## TASK DIRECTIONS
Starting at the line that contains "På Midtfjellet - utsikt mot Kristiansund" and ending at the line that contains "Slug Remedy *bliss", the lines below are to be given again exactly, with nothing added.

## ENTRIES SUPPLIED
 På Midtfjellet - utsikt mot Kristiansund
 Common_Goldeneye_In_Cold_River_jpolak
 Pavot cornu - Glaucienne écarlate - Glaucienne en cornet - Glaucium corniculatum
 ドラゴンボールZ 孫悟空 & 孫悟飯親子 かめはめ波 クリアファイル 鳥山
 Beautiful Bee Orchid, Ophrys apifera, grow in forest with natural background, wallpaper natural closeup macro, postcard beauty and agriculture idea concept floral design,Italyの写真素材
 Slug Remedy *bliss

---

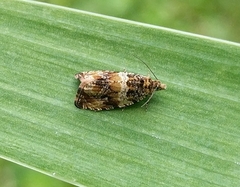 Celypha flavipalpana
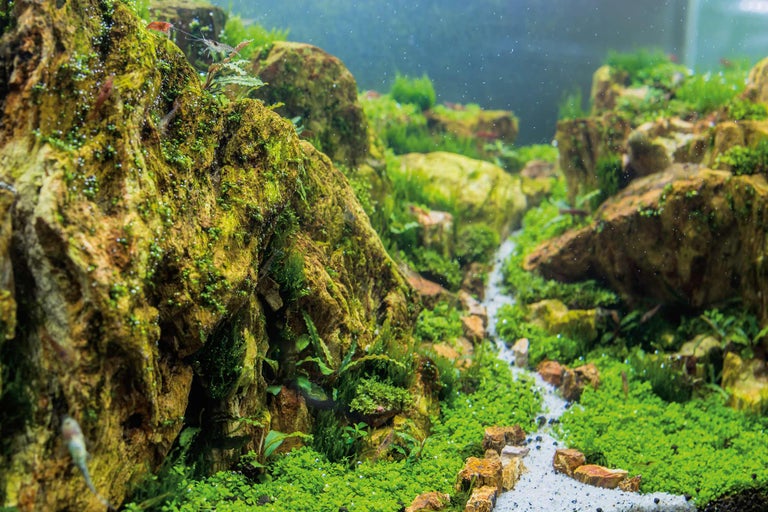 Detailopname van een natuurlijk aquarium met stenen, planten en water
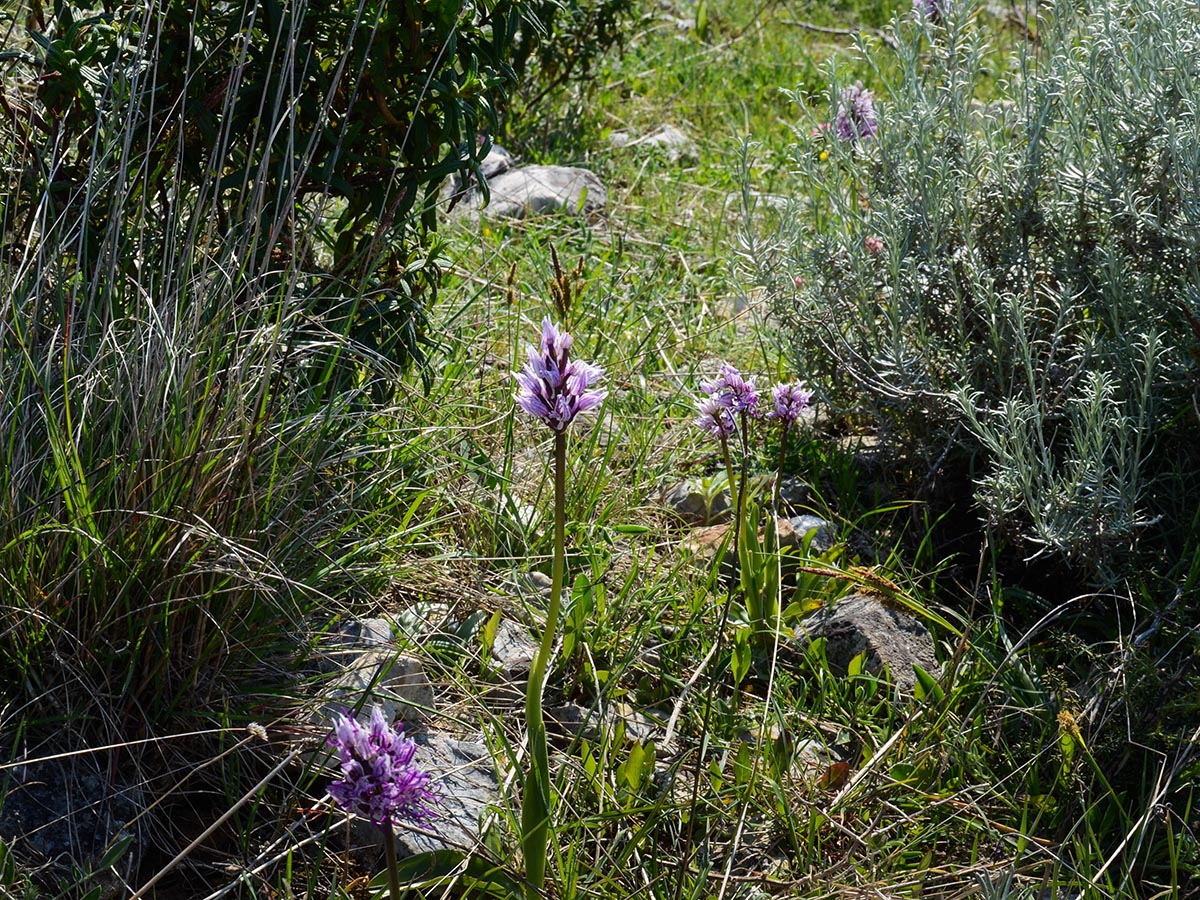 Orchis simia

## EXERCISE ANSWER
 På Midtfjellet - utsikt mot Kristiansund
 Common_Goldeneye_In_Cold_River_jpolak
 Pavot cornu - Glaucienne écarlate - Glaucienne en cornet - Glaucium corniculatum
 ドラゴンボールZ 孫悟空 & 孫悟飯親子 かめはめ波 クリアファイル 鳥山
 Beautiful Bee Orchid, Ophrys apifera, grow in forest with natural background, wallpaper natural closeup macro, postcard beauty and agriculture idea concept floral design,Italyの写真素材
 Slug Remedy *bliss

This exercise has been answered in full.